Similarly to Circular Quay, I was amazed at how packed the fish market was (on a Tuesday!) and decided all of the tourists in Sydney must hide out in just these two locations. We walked into the market, the scent thick and my sandals slipping on the slick concrete floor. The amount of people and fish was completely overwhelming. There were countless mollusks and squid, giant sections of swordfish and whole salmon, buffets of prepared lunches and sushi of all shapes and sizes. Perhaps we had picked the wrong place for someone as indecisive as myself to have lunch.

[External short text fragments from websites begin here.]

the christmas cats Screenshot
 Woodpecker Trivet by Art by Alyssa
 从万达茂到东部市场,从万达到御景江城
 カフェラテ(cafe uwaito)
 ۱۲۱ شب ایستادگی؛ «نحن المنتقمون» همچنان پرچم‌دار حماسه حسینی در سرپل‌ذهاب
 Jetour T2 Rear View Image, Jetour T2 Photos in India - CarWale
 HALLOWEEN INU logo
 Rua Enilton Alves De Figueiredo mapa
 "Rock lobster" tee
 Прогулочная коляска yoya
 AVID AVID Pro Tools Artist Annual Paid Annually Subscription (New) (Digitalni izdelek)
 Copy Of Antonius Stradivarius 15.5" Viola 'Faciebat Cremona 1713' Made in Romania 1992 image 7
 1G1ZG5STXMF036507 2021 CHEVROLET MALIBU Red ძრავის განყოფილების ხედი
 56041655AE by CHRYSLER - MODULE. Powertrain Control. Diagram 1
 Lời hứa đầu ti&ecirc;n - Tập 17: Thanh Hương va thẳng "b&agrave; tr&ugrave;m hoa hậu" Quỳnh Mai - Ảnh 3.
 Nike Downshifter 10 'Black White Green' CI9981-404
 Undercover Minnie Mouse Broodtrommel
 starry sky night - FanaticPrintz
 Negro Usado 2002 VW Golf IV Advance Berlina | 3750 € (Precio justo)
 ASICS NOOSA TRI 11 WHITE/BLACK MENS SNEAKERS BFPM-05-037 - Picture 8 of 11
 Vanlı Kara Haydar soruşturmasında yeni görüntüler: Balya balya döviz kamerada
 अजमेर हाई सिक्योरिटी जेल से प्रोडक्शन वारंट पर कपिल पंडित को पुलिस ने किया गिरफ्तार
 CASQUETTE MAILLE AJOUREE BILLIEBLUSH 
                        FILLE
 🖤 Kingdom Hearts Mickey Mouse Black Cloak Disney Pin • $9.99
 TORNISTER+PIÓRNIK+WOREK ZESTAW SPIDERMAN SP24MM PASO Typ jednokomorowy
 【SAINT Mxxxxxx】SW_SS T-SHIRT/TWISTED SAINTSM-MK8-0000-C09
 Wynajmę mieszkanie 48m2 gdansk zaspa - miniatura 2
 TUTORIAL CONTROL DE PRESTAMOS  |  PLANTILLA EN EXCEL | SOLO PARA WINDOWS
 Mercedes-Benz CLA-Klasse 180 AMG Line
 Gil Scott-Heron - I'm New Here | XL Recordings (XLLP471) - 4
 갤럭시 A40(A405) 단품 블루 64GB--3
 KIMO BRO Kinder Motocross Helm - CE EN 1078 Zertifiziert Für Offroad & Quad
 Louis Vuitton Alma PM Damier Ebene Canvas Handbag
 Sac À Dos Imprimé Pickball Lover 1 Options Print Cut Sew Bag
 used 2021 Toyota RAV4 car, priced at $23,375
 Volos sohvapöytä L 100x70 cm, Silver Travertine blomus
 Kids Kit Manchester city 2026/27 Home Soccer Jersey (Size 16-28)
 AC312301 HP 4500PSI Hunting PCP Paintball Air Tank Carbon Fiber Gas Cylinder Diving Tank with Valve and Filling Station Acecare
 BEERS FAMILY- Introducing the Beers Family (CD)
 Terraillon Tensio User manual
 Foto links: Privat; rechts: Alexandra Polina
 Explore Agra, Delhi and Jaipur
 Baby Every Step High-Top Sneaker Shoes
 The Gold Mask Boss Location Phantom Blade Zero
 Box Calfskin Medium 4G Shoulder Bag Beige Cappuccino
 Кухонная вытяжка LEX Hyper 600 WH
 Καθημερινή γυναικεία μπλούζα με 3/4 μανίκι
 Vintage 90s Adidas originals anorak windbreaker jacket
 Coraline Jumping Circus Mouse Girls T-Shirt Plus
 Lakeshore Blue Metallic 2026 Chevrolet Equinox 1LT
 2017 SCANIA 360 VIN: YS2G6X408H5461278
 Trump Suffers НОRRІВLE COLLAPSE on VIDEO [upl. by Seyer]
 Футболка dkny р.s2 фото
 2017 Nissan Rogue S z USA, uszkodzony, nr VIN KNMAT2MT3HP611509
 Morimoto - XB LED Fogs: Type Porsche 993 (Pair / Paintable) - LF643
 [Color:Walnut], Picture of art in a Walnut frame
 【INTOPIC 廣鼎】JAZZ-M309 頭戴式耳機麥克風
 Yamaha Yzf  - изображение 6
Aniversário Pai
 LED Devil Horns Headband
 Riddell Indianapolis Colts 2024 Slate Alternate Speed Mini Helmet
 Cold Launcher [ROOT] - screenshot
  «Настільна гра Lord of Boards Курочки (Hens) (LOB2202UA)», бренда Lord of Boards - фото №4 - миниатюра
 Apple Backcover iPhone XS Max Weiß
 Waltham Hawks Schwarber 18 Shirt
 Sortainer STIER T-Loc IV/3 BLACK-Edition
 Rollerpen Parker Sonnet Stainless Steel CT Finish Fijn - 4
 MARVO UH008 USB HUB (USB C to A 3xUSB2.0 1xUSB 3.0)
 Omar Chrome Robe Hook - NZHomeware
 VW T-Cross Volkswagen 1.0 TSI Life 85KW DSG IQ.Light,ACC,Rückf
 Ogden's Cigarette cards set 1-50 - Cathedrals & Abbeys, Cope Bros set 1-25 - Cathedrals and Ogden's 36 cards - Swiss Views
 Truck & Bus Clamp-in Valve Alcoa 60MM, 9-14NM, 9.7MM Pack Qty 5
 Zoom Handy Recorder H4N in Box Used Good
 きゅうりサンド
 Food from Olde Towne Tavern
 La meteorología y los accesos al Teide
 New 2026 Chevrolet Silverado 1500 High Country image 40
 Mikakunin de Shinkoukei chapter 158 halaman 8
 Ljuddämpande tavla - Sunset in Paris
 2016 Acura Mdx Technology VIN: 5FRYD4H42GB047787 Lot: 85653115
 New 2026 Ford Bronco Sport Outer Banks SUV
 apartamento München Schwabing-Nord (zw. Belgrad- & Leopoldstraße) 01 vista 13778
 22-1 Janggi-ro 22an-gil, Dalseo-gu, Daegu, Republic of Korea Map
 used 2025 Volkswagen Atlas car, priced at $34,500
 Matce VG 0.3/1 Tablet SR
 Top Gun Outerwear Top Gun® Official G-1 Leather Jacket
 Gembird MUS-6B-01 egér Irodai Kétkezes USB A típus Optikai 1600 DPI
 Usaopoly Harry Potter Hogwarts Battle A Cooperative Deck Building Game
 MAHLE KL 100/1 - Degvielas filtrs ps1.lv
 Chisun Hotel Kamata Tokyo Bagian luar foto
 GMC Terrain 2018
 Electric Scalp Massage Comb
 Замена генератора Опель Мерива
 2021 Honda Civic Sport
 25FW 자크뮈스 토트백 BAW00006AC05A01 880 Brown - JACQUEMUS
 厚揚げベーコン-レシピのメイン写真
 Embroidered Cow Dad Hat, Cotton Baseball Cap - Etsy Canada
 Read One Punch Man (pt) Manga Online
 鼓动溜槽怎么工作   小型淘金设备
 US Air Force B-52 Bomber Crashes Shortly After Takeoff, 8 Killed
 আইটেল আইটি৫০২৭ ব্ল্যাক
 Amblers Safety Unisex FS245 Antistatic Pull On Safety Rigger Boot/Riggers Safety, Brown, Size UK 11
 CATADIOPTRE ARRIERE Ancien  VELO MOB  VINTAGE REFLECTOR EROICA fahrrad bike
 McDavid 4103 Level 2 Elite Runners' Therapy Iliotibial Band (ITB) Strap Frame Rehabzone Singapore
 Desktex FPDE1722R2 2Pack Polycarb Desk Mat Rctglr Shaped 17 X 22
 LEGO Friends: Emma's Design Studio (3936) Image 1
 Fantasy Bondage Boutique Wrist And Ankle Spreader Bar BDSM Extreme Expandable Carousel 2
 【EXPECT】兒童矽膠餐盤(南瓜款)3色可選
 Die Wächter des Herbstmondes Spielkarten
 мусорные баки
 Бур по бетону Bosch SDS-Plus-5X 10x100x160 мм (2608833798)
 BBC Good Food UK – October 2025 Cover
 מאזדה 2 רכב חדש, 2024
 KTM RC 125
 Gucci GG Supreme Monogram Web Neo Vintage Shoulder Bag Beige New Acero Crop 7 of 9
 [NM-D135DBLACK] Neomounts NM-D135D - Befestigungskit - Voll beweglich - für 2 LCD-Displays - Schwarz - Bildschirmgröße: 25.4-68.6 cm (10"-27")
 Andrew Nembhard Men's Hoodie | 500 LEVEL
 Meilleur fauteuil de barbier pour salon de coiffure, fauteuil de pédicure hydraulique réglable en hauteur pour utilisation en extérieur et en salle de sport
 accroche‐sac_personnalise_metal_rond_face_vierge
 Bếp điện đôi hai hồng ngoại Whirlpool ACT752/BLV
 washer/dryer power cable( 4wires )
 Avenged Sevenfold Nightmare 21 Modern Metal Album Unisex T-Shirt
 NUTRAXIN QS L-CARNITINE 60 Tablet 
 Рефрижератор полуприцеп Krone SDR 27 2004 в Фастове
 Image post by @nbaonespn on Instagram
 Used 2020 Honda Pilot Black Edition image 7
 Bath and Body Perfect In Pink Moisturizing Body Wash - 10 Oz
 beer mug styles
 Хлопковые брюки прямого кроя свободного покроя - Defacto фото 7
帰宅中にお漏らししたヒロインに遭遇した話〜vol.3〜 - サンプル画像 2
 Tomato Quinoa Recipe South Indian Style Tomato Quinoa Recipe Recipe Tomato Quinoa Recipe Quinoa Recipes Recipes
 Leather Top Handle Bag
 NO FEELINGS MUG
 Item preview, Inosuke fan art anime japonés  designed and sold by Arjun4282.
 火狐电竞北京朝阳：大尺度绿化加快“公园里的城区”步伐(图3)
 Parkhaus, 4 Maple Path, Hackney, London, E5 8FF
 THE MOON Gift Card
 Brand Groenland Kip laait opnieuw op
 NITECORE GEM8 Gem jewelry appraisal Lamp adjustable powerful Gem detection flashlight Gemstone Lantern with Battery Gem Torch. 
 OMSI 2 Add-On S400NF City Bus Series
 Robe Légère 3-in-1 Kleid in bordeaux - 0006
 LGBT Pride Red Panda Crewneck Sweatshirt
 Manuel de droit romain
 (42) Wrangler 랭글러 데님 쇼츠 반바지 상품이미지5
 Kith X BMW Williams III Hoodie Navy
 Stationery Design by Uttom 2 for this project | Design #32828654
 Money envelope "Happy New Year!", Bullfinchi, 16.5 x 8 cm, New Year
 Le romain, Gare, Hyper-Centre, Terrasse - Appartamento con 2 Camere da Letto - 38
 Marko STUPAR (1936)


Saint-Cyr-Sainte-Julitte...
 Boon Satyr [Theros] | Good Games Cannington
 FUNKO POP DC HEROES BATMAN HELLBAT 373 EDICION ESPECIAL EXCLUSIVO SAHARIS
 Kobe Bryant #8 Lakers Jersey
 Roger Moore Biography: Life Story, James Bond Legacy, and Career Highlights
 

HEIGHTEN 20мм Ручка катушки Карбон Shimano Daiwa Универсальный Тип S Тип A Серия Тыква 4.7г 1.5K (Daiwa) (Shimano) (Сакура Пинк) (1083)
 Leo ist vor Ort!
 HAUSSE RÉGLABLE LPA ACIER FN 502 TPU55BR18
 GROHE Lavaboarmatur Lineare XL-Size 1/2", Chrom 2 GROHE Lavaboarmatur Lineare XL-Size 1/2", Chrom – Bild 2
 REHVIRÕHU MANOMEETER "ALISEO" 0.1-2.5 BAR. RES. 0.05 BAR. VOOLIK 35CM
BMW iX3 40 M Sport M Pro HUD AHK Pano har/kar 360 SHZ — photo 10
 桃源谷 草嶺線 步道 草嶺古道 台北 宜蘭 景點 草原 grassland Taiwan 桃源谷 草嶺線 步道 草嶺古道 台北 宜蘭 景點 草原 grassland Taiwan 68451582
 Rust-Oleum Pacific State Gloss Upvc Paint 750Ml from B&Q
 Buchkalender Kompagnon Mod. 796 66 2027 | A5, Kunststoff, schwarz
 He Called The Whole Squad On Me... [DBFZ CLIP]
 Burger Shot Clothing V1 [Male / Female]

We eventually settled on raw oysters (not as good as the opera bar!), a mix of fried things and prawns from Nicholas Seafood, and grilled eel over rice. We’d go back in later for a piece of salmon for dinner. We tried to find a seat at the many picnic tables beside the water, but each was filled with a family devouring overflowing plates of seafood and shooing away seagulls. We actually saw one tricky bird swoop down and steal a piece of sashimi straight from a woman’s hand. Australian ibis waddled around the docks, trying to grab whatever crumbs they could – I’ve learned that they are sometimes fittingly called “bin chickens” here.
We settled on a bench in the park across the road, stupidly forgetting to grab napkins on our way out and making an absolute mess. I think I still have sweet chili sauce on my phone. To an onlooker, our entire lunch must have appeared as a scene from Alfred Hitchock’s The Birds, the seagulls surrounding us, inching closer and closer. The eel was worth it.